GIN index not used for small table when 0 rows returned

233 views Asked by At

In a Postgres 9.4 database, I created a GIN trigram index on a table called 'persons' that contains 1514 rows like the following:

CREATE INDEX persons_index_name_1 ON persons
USING gin (lower(name) gin_trgm_ops);

and a query that looks for similar names as follows:

select name, last_name from persons where lower(name) % 'thename'

So, I first issued a query with a name I knew beforehand that would have similar matches, so the explain analyze showed that the index I created was used in this query:

select name, last_name from persons where lower(name) % 'george'

And the results were the expected:

  ->  Bitmap Heap Scan on persons  (cost=52.01..58.72 rows=2 width=26) (actual time=0.054..0.065 rows=1 loops=1)
        Recheck Cond: (lower((name)::text) % 'george'::text)
        Rows Removed by Index Recheck: 2
        Heap Blocks: exact=1
        ->  Bitmap Index Scan on persons_index_name_1  (cost=0.00..52.01 rows=2 width=0) (actual time=0.032..0.032 rows=3 loops=1)
              Index Cond: (lower((name)::text) % 'george'::text)
...
Execution time: 1.382 ms"

So, out of curiosity, I wanted to see if the index was used when the thename parameter contained a name that didn't exist at all in the table:

select name, last_name from persons where lower(name) % 'noname'

But I saw that in this case that the index was not used at all and the execution time was way higher:

  ->  Seq Scan on persons  (cost=0.00..63.72 rows=2 width=26) (actual time=6.494..6.494 rows=0 loops=1)
        Filter: (lower((name)::text) % 'noname'::text)
        Rows Removed by Filter: 1514
...
Execution time: 7.387 ms

As a test, I tried the same with a GIST index and in both cases, the index was used and the execution time was like the first case above.

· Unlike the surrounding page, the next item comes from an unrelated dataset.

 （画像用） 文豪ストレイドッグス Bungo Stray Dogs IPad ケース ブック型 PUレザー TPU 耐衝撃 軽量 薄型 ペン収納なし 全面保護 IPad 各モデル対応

I went ahead and recreated the table but this time inserting 10014 rows; and I saw that in both cases above, the GIN index was used and the execution time was the best for those cases.

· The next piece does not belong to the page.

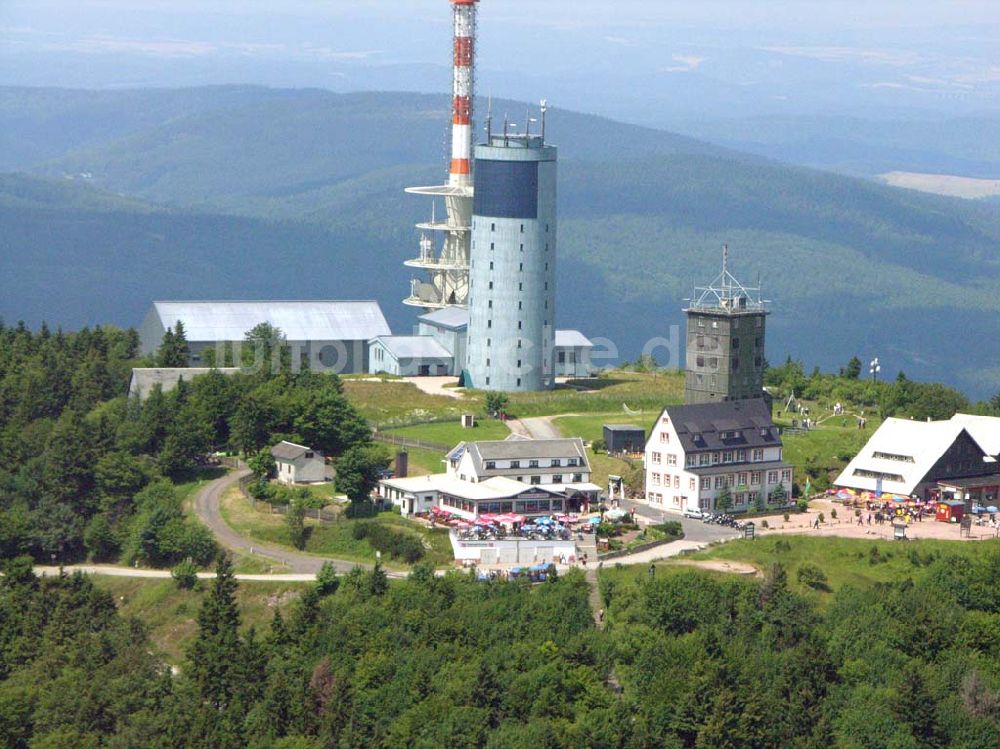 Luftbild Tabarz / Thüringen - Fernsehturm auf dem Inselsberg bei Tabarz.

Why is a GIN index is not used when the query above returns no results in a table with not so much rows (1514 in my case)?

1

There are 1 answers

1
Erwin Brandstetter On BEST ANSWER

Trigram indexes are case insensitive, test with:

select 'case' <-> 'CASE' AS ci1
     , 'case' %   'CASE' AS ci2
     , 'CASE' <-> 'CASE' AS c1
     , 'CASE' %   'CASE' AS c2;

So you might as well just:

CREATE INDEX persons_index_name_1 ON persons USING gin (name gin_trgm_ops);

And:

select name, last_name from persons where name % 'thename';

As to your actual question, for small tables an index look-up might not pay. That's exactly what your added tests demonstrate. And establishing that nothing matches can be more expensive than finding some matches.

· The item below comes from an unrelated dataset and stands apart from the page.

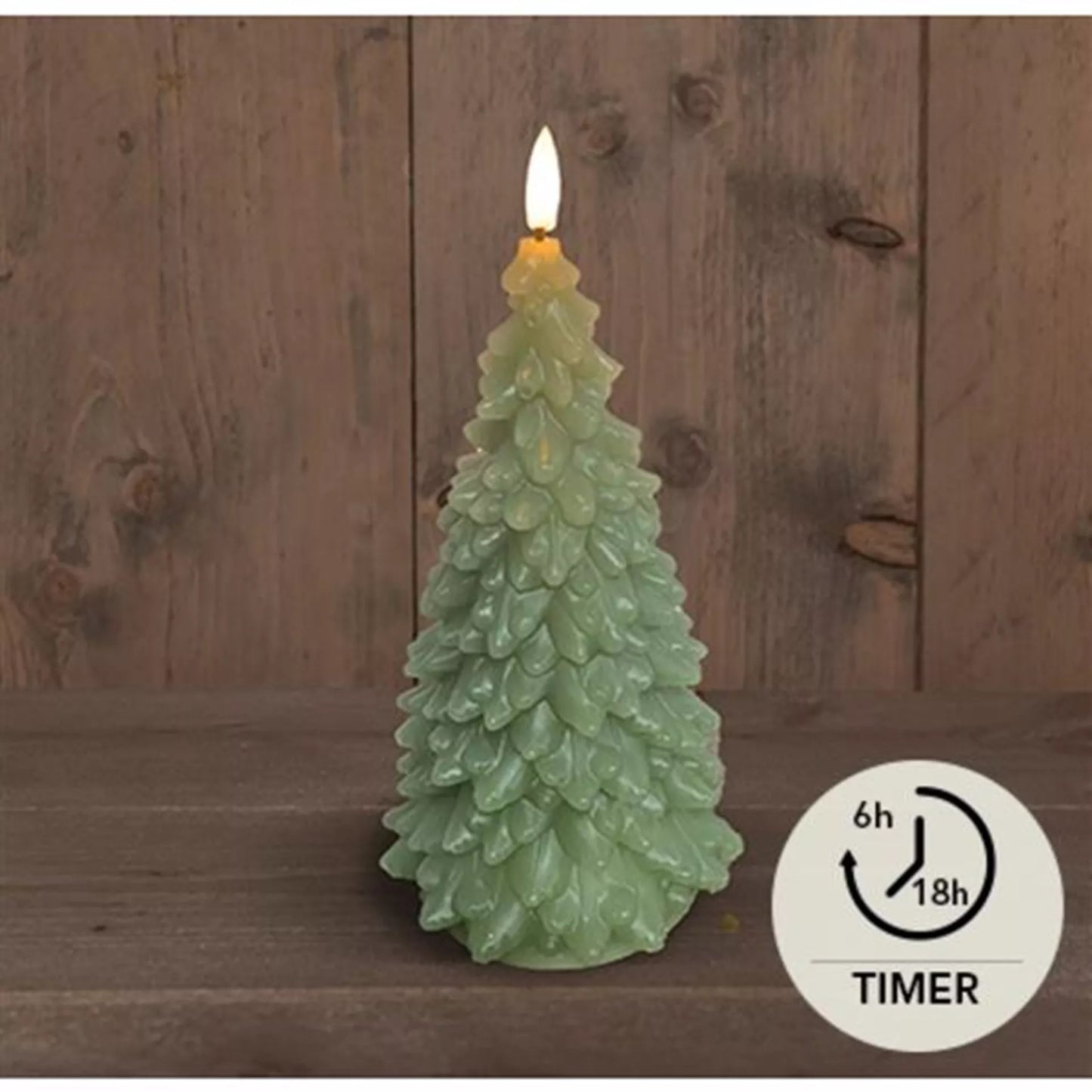 LED Kaars wax kerstboom jade (2de artikel 25% korting)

Aside from that, your cost setting and / or table statistics may not be at their respective optimum to let Postgres pick the most adequate query plans.

The expected cost numbers translate to much higher actual cost for the sequential scan than for the bitmap index scan. You may be overestimating the cost of index scans as compared to sequential scans. random_page_cost (and cpu_index_tuple_cost) may be set too high and effective_cache_size too low.